GeneXpert is performed at our tertiary care public hospital facility free of cost with rapid results. This adds to the feasibility of doing such tests at an early stage, which in turn helps in early diagnosis and treatment. This helps prevent disease progression and potential long-term complications.
Study Limitations
The strengths of this study include its comprehensive evaluation of clinical, radiological, and microbiological data and the use of standardized diagnostic criteria. However, the small sample size (n=42) and single-center design are limiting factors for our study. The small sample size (n=42) limits generalization of our results to a larger population. The retrospective nature of the study introduces potential selection bias, and the lack of a non-GUTB control group precludes a specific analysis. Variability in disease stage or organ involvement may influence sensitivity estimates, an aspect that has not yet been explored.
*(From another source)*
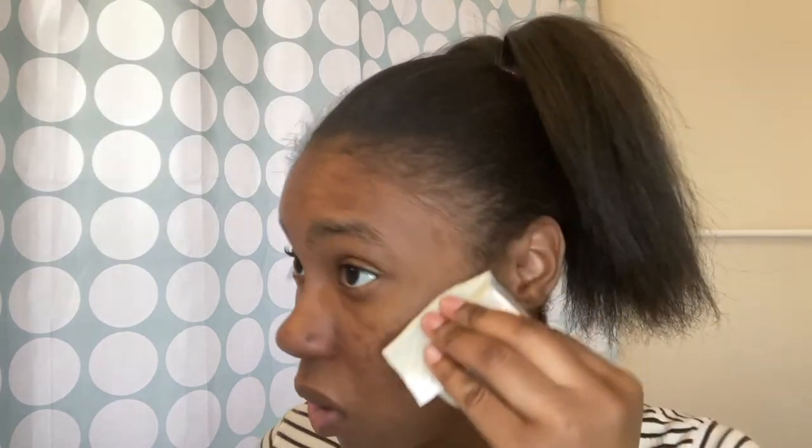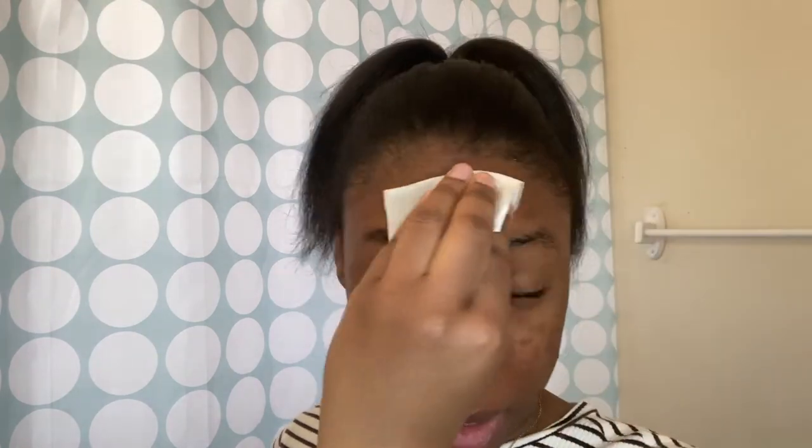First things first, I'm going to wash my face down with Curology. Comment down below if you've ever used Curology — I used it before but I had to stop because it was a little bit too expensive for me. But I got back on it and my box should come probably next week or this week, one of the two.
Multicenter studies with larger cohorts are essential to validate the performance of GeneXpert in urine samples and establish optimal sampling protocols. Our ongoing research investigates whether an increase in the number of urine samples (e.g., five vs. three) enhances the sensitivity. Comparative studies using advanced molecular assays (e.g., next-generation sequencing) could identify superior diagnostic methods. Cost-effectiveness analyses would inform the scalability of GeneXpert in low-resource settings. Integrating artificial intelligence with imaging and microbiological data may improve diagnostic precision and address the current limitations.
Conclusion
GUTB diagnosis requires a multifaceted approach that combines clinical suspicion, radiological evaluation, and microbiological confirmation. Urine GeneXpert (with 52-57% sensitivity comparable to AFB culture) offers rapid, actionable results, supporting its role as a first-line diagnostic tool. Early diagnosis with such tests can prevent potential complications occurring at a later stage of the disease, such as end-stage renal disease requiring nephrectomy. Its integration into clinical practice, along with imaging and standardized criteria, enhances diagnostic accuracy. Large-scale studies are needed to optimize urine-based protocols and reduce morbidity associated with GUTB in endemic regions.